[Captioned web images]
========

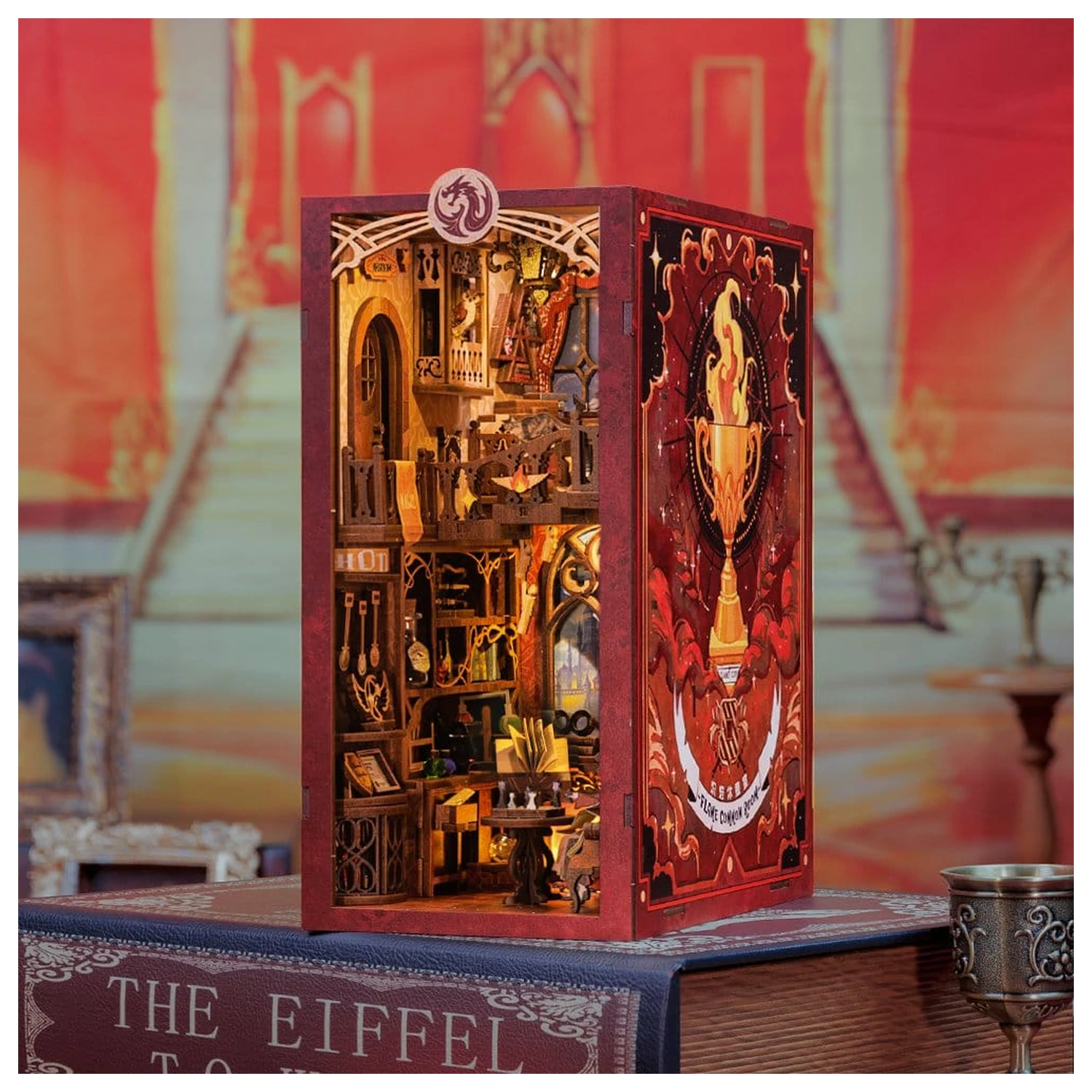 Book Nook Flame Common Room 23 x 11 cm zdjęcie produktu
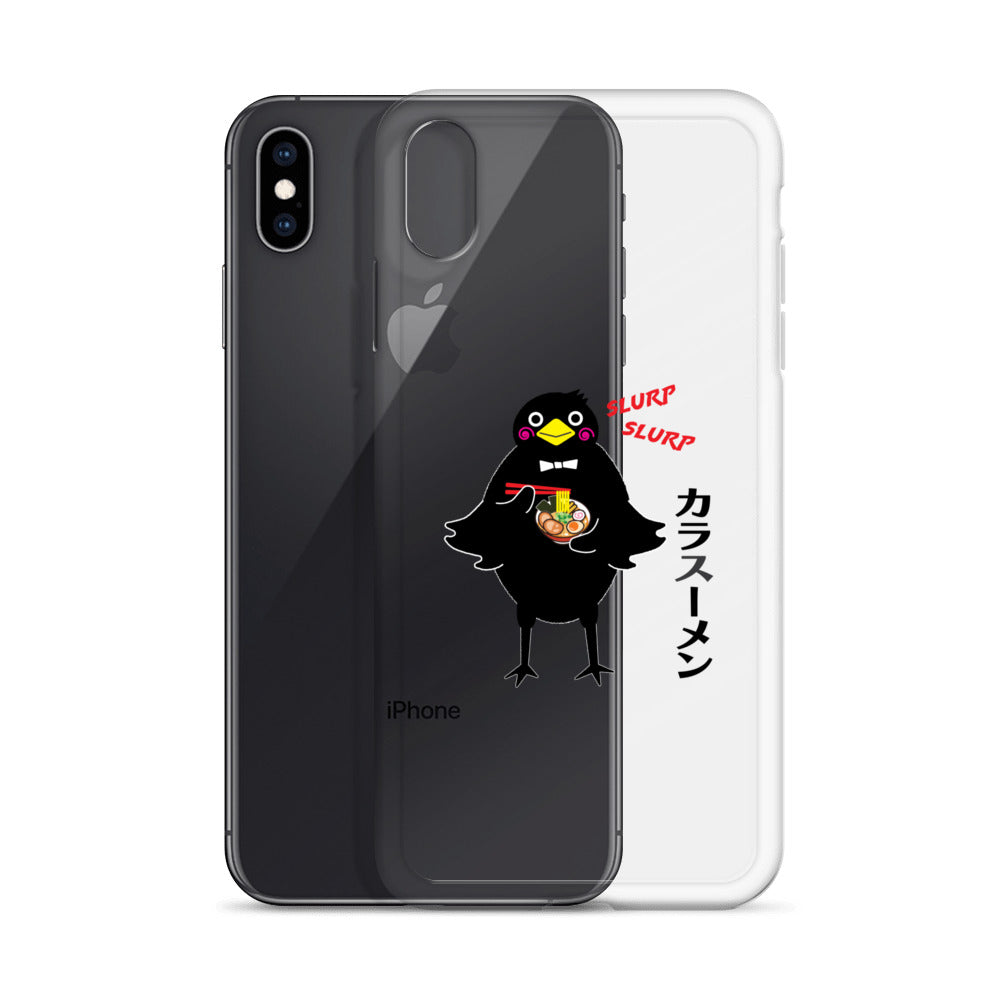 Clear Case for iPhone® Ramen Crow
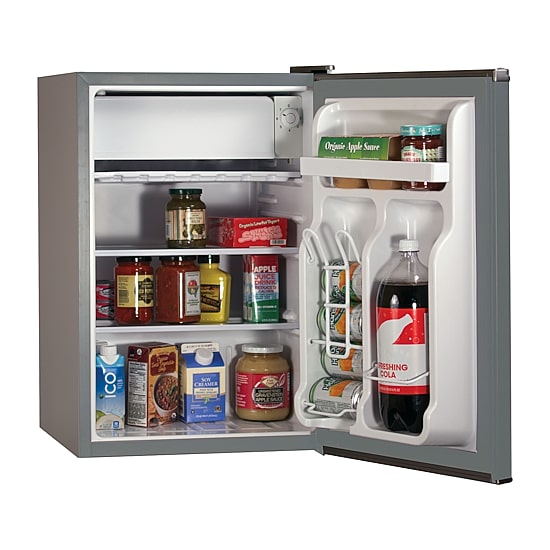 BLACK+DECKER 2.5-Cu. Ft. Compact Refrigerator - Stainless Steel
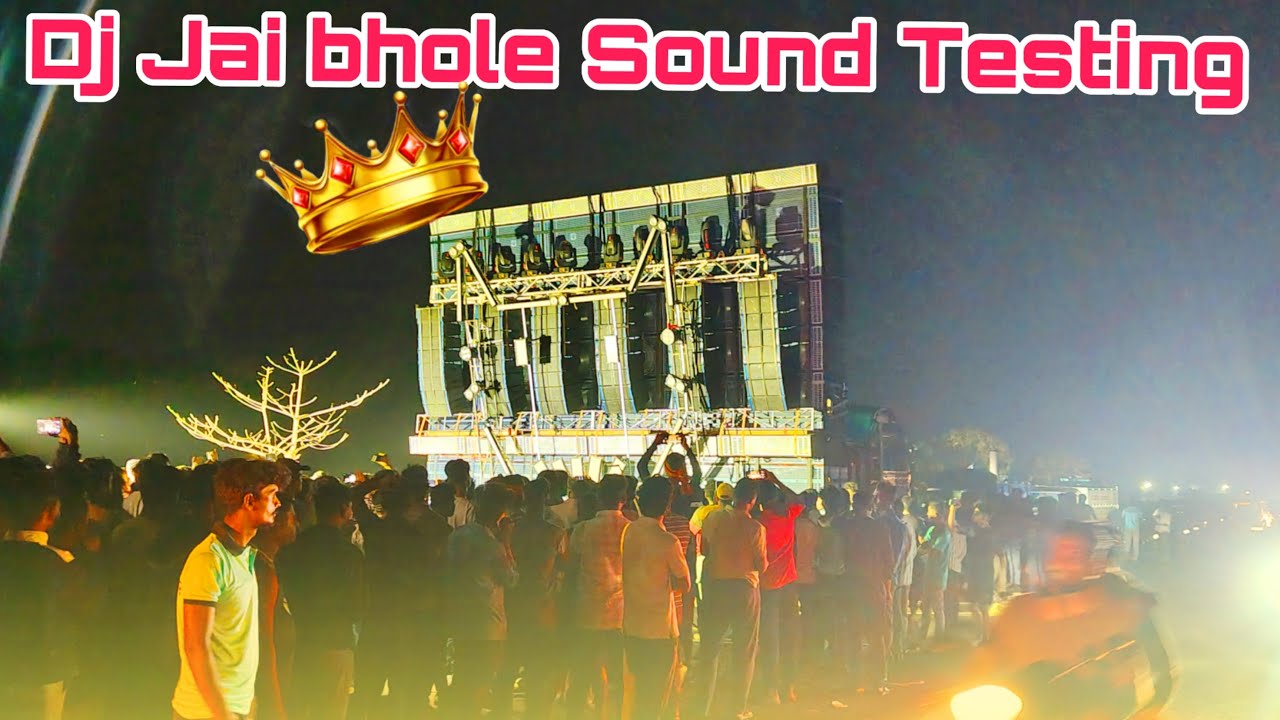 Dj Jai Bhole Sound Testing Odisha Motto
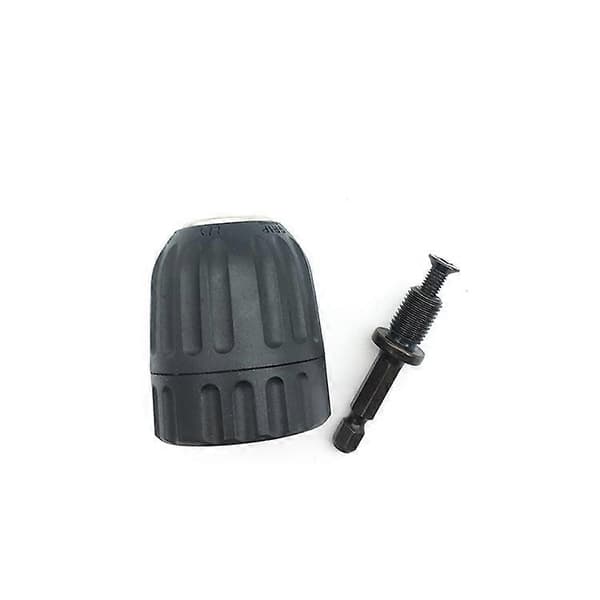 Nøglefri borepatron, 0,8-10 mm, 1/4\" sekskantet skaft, ABS, Sort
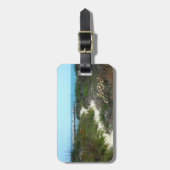 Door de Zee gepersonaliseerd Bagagelabel (Voorkant verticaal)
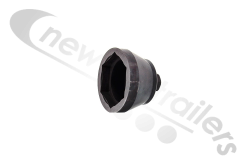 JAW 02 703 110 00 JOST/DCA Mercedes TE5 Tool Socket For Hub Nut 80mm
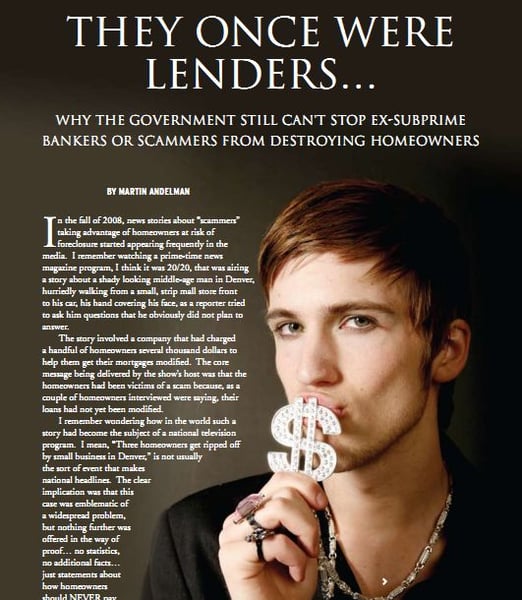 They Once Were Lenders…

========

TASK TO CARRY OUT: All of the records need to be restated word for word, but not the pictures.

EXERCISE ANSWER:
 Book Nook Flame Common Room 23 x 11 cm zdjęcie produktu
 Clear Case for iPhone® Ramen Crow
 BLACK+DECKER 2.5-Cu. Ft. Compact Refrigerator - Stainless Steel
 Dj Jai Bhole Sound Testing Odisha Motto
 Nøglefri borepatron, 0,8-10 mm, 1/4\" sekskantet skaft, ABS, Sort
 Door de Zee gepersonaliseerd Bagagelabel (Voorkant verticaal)
 JAW 02 703 110 00 JOST/DCA Mercedes TE5 Tool Socket For Hub Nut 80mm
 They Once Were Lenders…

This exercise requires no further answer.